Using the /proc Filesystem

The /proc filesystem is a special, software-created filesystem that is used by the kernel to export information to the world. Each file under /proc is tied to a kernel function that generates the file’s “contents” on the fly when the file is read. We have already seen some of these files in action; /proc/modules, for example, always returns a list of the currently loaded modules.

/proc is heavily used in the Linux system. Many utilities on a modern Linux distribution, such as ps, top, and uptime, get their information from /proc. Some device drivers also export information via /proc, and yours can do so as well. The /proc filesystem is dynamic, so your module can add or remove entries at any time.

Fully featured /proc entries can be complicated beasts; among other things, they can be written to as well as read from. Most of the time, however, /proc entries are read-only files. This section will concern itself with the simple read-only case. Those who are interested in implementing something more complicated can look here for the basics; the kernel source may then be consulted for the full picture.

All modules that work with /proc should include <linux/proc_fs.h> to define the proper functions.

To create a read-only /proc file, your driver must implement a function to produce the data when the file is read. When some process reads the file (using the read system call), the request will reach your module by means of one of two different interfaces, according to what you registered. We’ll leave registration for later in this section and jump directly to the description of the reading interfaces.

In both cases the kernel allocates a page of memory (i.e., PAGE_SIZE bytes) where the driver can write data to be returned to user space.

The recommended interface is read_proc, but an older interface named get_info also exists.

int (*read_proc)(char *page, char **start, off_t offset, int count, int *eof, void *data);

The page pointer is the buffer where you’ll write your data; start is used by the function to say where the interesting data has been written in page (more on this later); offset and count have the same meaning as in the read implementation. The eof argument points to an integer that must be set by the driver to signal that it has no more data to return, while data is a driver-specific data pointer you can use for internal bookkeeping.[23] The function is available in version 2.4 of the kernel, and 2.2 as well if you use our sysdep.h header.

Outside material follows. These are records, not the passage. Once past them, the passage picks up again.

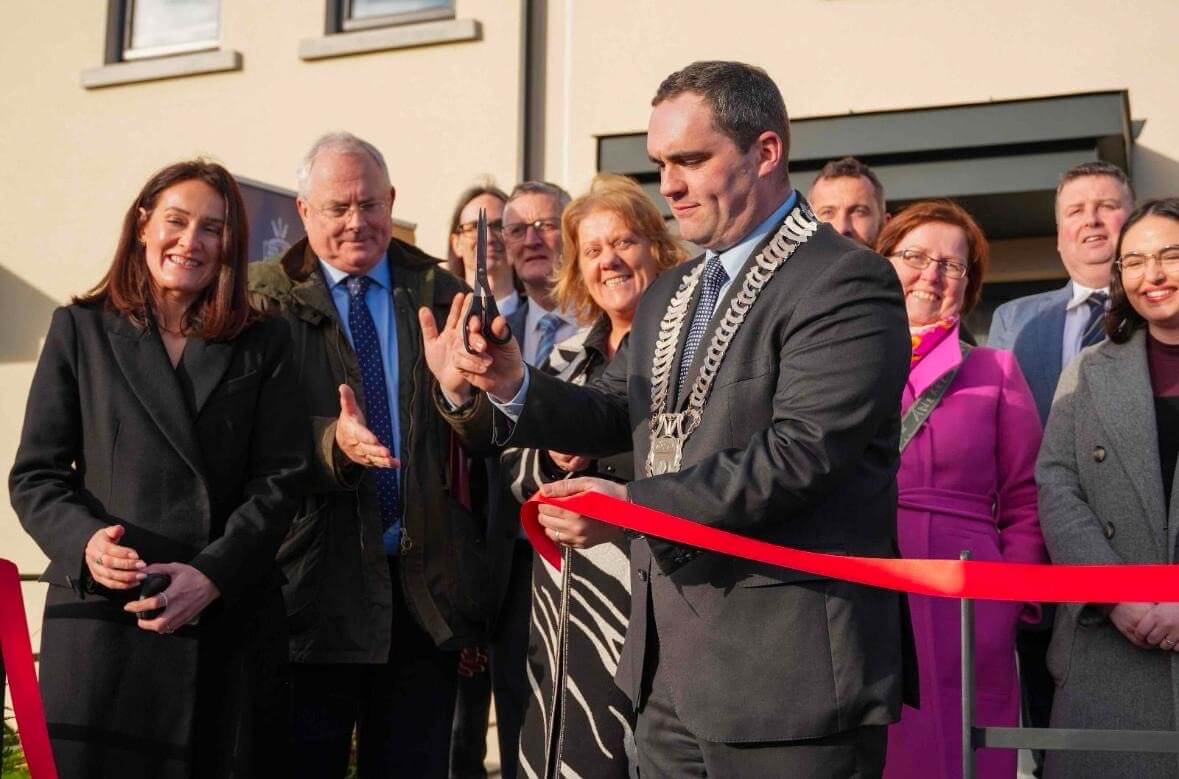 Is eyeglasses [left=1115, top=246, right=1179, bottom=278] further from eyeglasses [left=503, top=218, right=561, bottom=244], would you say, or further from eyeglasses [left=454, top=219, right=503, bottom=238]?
eyeglasses [left=454, top=219, right=503, bottom=238]

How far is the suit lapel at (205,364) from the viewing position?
349 centimetres

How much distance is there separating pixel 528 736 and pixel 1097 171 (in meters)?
2.79

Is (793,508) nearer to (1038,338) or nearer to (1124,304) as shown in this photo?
(1124,304)

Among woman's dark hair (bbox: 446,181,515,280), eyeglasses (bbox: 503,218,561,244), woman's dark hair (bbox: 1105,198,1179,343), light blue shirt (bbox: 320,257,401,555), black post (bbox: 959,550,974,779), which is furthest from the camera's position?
woman's dark hair (bbox: 446,181,515,280)

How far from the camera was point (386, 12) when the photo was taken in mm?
8641

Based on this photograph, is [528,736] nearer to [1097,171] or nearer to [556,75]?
[1097,171]

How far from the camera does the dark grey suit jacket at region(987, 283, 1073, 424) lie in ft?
14.8

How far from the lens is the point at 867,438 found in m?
2.60

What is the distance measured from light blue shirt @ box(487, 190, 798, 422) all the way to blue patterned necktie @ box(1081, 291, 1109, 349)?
1950mm

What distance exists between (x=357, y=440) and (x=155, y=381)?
1.74 feet

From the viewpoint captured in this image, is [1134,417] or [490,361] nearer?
[490,361]

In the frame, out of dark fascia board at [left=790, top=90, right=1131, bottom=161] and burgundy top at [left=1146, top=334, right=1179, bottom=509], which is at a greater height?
dark fascia board at [left=790, top=90, right=1131, bottom=161]

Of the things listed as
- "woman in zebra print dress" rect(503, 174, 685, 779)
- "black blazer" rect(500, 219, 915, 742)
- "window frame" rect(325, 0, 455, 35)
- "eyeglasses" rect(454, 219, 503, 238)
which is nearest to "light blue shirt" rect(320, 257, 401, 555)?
"woman in zebra print dress" rect(503, 174, 685, 779)

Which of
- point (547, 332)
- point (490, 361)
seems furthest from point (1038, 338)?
point (490, 361) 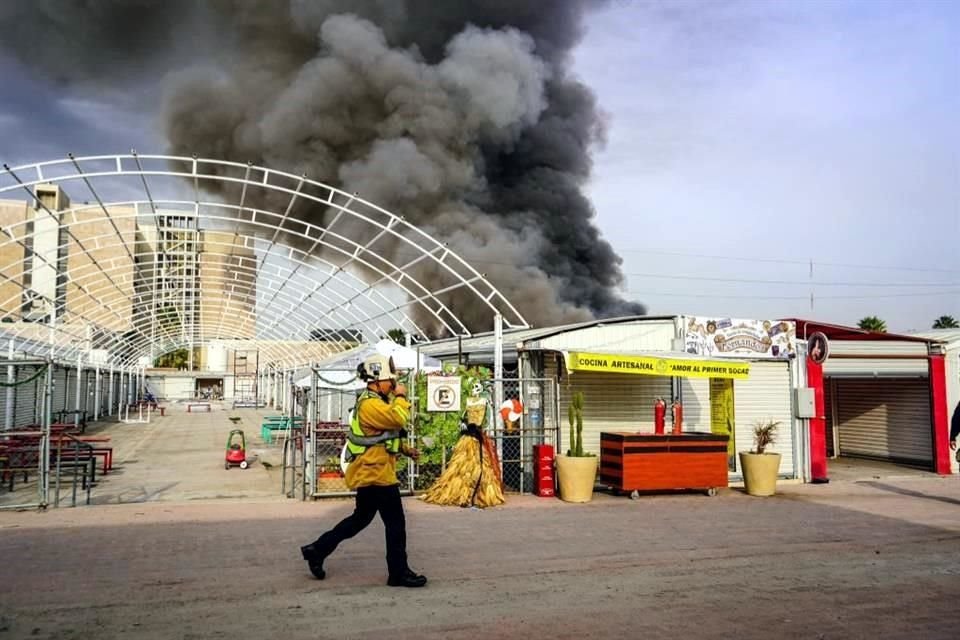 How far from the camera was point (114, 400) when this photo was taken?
43500 mm

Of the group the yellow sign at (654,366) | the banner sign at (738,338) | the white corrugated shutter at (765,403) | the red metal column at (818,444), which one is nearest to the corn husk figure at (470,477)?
the yellow sign at (654,366)

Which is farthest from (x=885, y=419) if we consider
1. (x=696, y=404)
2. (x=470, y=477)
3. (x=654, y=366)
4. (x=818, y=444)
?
(x=470, y=477)

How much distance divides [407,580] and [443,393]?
541 centimetres

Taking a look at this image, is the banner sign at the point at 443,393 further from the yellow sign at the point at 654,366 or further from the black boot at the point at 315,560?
the black boot at the point at 315,560

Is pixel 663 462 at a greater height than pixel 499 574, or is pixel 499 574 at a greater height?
pixel 663 462

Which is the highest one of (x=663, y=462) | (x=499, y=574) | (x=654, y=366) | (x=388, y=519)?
(x=654, y=366)

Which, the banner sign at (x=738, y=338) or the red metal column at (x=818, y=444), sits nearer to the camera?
the red metal column at (x=818, y=444)

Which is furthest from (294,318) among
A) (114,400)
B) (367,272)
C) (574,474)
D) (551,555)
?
(551,555)

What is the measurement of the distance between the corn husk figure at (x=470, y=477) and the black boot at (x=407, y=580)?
431 centimetres

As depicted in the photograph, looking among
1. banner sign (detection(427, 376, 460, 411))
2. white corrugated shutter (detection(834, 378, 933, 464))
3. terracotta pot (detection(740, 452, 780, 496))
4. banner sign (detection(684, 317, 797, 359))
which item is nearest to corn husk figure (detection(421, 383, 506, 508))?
banner sign (detection(427, 376, 460, 411))

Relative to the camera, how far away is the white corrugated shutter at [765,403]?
14.5 metres

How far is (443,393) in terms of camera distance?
11742 millimetres

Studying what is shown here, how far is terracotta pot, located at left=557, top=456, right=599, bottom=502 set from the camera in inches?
440

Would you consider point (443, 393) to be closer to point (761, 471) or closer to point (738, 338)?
point (761, 471) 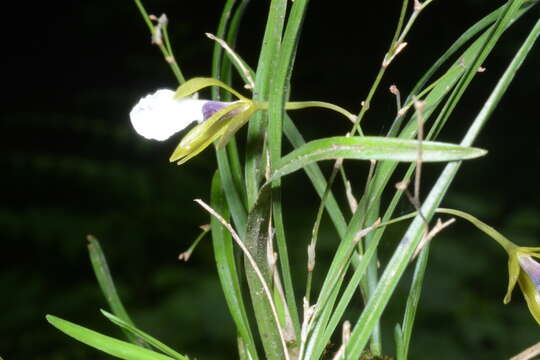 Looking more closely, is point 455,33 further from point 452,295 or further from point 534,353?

int (*get_info)(char *page, char **start, off_t offset, int count);

get_info is an older interface used to read from a /proc file. The arguments all have the same meaning as for read_proc. What it lacks is the pointer to report end-of-file and the object-oriented flavor brought in by the data pointer. The function is available in all the kernel versions we are interested in (although it had an extra unused argument in its 2.0 implementation).

Both functions should return the number of bytes of data actually placed in the page buffer, just like the read implementation does for other files. Other output values are *eof and *start. eof is a simple flag, but the use of the start value is somewhat more complicated.

The main problem with the original implementation of user extensions to the /proc filesystem was use of a single memory page for data transfer. This limited the total size of a user file to 4 KB (or whatever was appropriate for the host platform). The start argument is there to implement large data files, but it can be ignored.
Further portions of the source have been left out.